I had to make a choice, and for me it was the right one. My happiness and my family comes first


----------



## Lady K (Feb 7, 2013)

Thank you all for your responses. I know whatever decision I make will be taking my happiness and my family welfare as my first consideration.


----------



## SifuPhil (Feb 7, 2013)

SeaBreeze said:


> It's common that opposites attract, so if he's really shy and you're outgoing, it may be a good match...



Opposites may attract, but complementaries stay attached. I know it's an old expression, but from what I've seen of many couples that quirky little behavior that at first is so endearing usually results in your staring at your partner's neck while your finger strokes the edge of the Bowie knife. 

Lady K, I won't judge your guy but I WILL say this: in any relationship the primary goal is to get along with EACH OTHER, not each other's families, friends and pets.
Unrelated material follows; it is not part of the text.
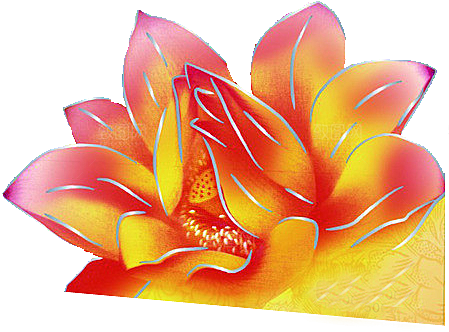 牡丹花设计素材元素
I know that many people consider these to be part and parcel - "Love me, love my family" - and if you in fact feel this way then you simply need to make a decision NOW about which is more important. I know we "want it all" but perhaps that isn't a very realistic expectation ...


----------



## Lady K (Feb 8, 2013)

That is true on both thoughts. Opposites being able to stay together and wanting it all. I kind of want it all from a man I would want to marry but not from someone I am just dating. My daughter and my grandchildren live with me and my son nearby so it is important to me that a person is comfortable with my family. We are sometimes loud, funny and love to hug. I guess its kind of sink or swim in a relationship with me. I probably will be single for quite awhile..lol!


----------



## SifuPhil (Feb 8, 2013)

Lady K said:


> That is true on both thoughts. Opposites being able to stay together and wanting it all. I kind of want it all from a man I would want to marry but not from someone I am just dating. My daughter and my grandchildren live with me and my son nearby so it is important to me that a person is comfortable with my family. We are sometimes loud, funny and love to hug.
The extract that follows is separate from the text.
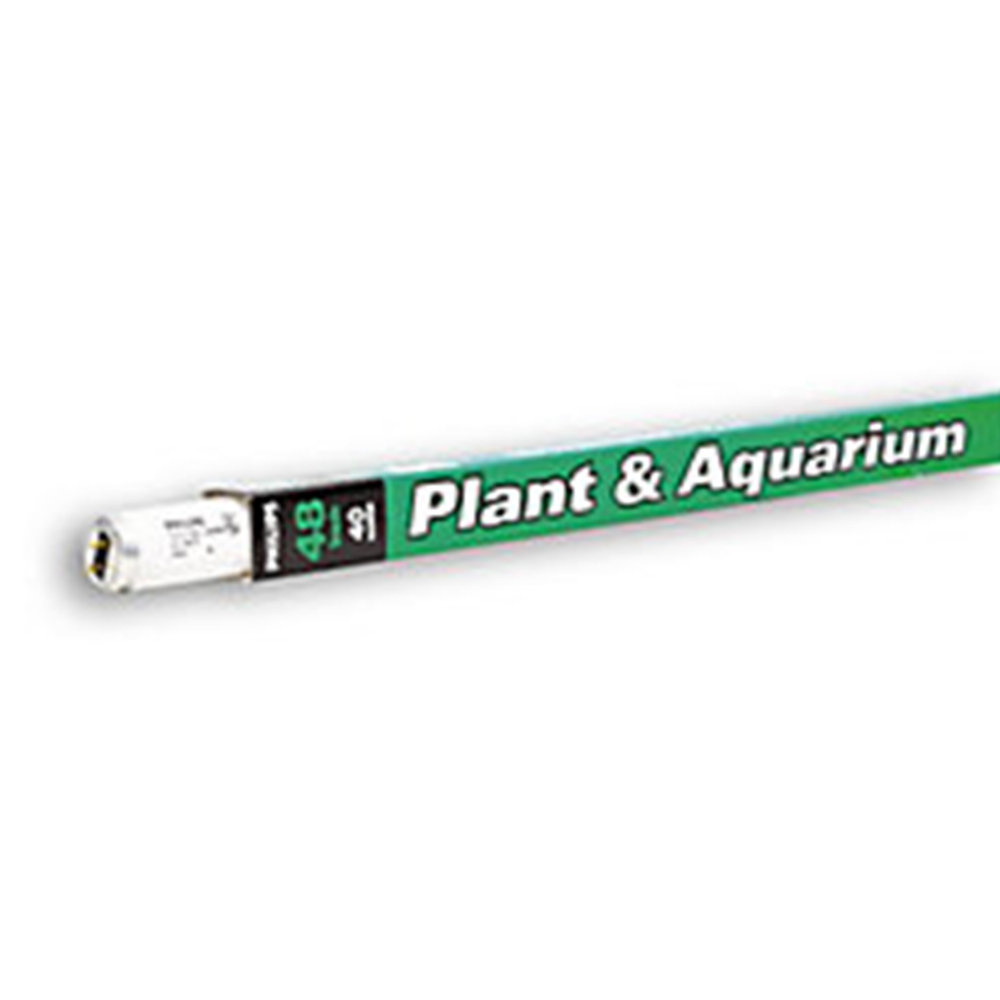 Bulb F40T12/Agro 40W Flourescent Grow Lamp<span class=' ItemWarning' style='display:block;'>Item is usually in stock, but we&#39;ll be in touch if there&#39;s a problem<br /></span>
Oh, well, then, if he isn't marriage material you can always drop him like a bad habit. 



> I guess its kind of sink or swim in a relationship with me. I probably will be single for quite awhile..lol!
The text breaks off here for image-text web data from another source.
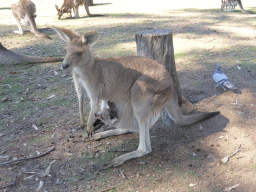Kangaroo with a Joey at the Lone Pine Koala Sanctuary
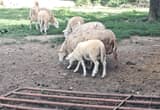 katahdin ram lambs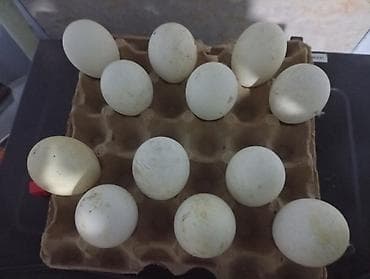 Гусиные яйца - Натуральные яйца от домашних гусей, свободный выгул на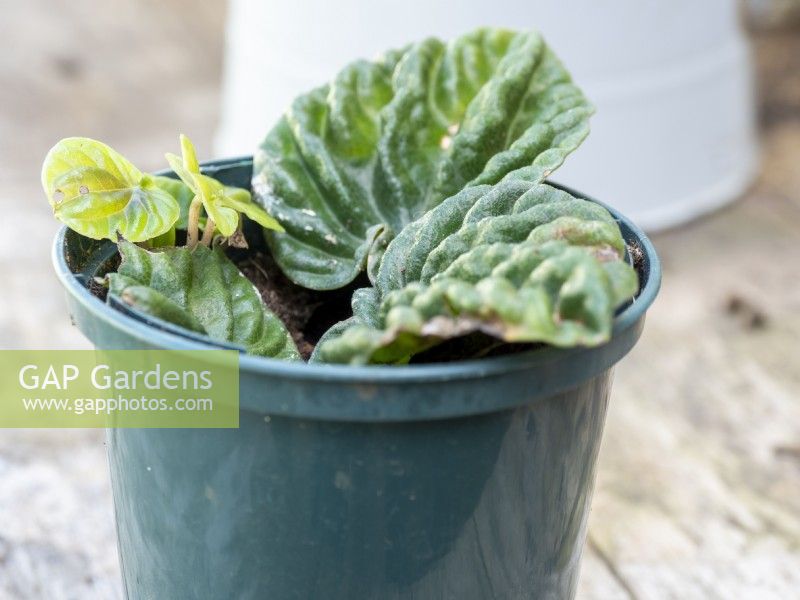 Peperomia caperata - New plantlets growing from leaf cuttings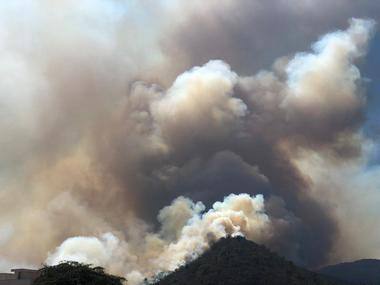 As Bandipur forest blaze finally dies down, activists question missing 'fire lines' and vacant posts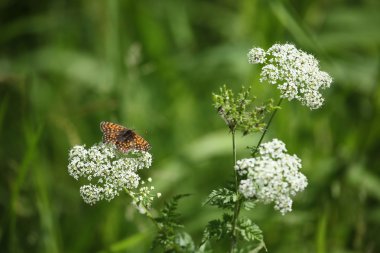 Ortak Fritillary kelebek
You and me both, Sister!  I found _one_ person in my life willing to put up with my insanity - I KNOW I won't find another, unless it's the interns at the Wilkes Barre Home For Idiots.


----------



## Lady K (Feb 8, 2013)

I won't drop him because I am having so much fun. My husband got to a point that he never wanted to go out. It is so much fun to go to concerts, dinner, walks, parking on the beach and' watching the sky,why I just give this up. I feel alive again.


----------



## R. Zimm (Feb 10, 2013)

Yes, do not think that he's the only potential SO for you at this point. Maybe just back off a bit from the relationship and get out to some new places/activities where you might meet some different guys. One of the best ways to find a person you can get along with is through a love of a common activity or hobby.


----------



## jeenny80 (Feb 27, 2013)

I had a similar problem and still do not know how to deal with it.
Maybe apply some valuable advice.


----------



## SeaSparkle (Feb 27, 2013)

Lady K said:


> This is the first person I have dated since my husband died. Its good that you don't have to put up with your ex-boyfrirnd's behavior anymore. There is no excuse for rudeness. My boyfriend is what he is and I know I just have to decide how much our differences bother me. It's not like either of us are going to change. The passion department is alittle lacking also...lol.



hmm.. if you're having doubts, go with your gut & kick 'em to the curb (especially if the passion dept is a little lacking! layful
There's lots of nice, single guys out there who would love to have the opportunity to socialize with your adult kids. 

Since getting divorced, I have dated 3 guys and decided not to date again for awhile. The reason is I seem to be attracting those who are anxious to get married! I'm not sure if they're tired of doing their own grocery shopping/cooking etc or what?!  I don't have a problem with committment, in fact I love the intimacy one experiences while in a monogamous, long term relationship.  But what ever happened to being 'courted' or getting to know each other for a year or two (rather than a few months) before being surprised by someone poppin' the question?


----------



## SifuPhil (Feb 28, 2013)

SeaSparkle said:


> ...  But what ever happened to being 'courted' or getting to know each other for a year or two (rather than a few months) before being surprised by someone poppin' the question?



As a fellow senior I'm sure you're aware of the "Ticking Clock Syndrome" ... 

Getting to know each other for a few years is OK when you're young and inexperienced. Once you hit a certain age / level of experience things take on a certain sameness - you begin to recognize patterns and you can pretty much tell where the path is leading.

Hell, I could tell within one full day whether I'd want to marry someone or not.


----------



## Lady K (Feb 28, 2013)

Morning! Well I have to admit things have gotten better. I am still with the same guy. We have had some good talks and we both are trying to improve our rough spots. I know its amazing but I also have a few faults. He seems to be more relaxed around my kids and more romantic....so life is good.


----------



## SeaBreeze (Feb 28, 2013)

Thanks for the update Lady K, glad to hear that things are better and life is good.   I didn't think you had ANY faults ...that IS amazing! layful:


----------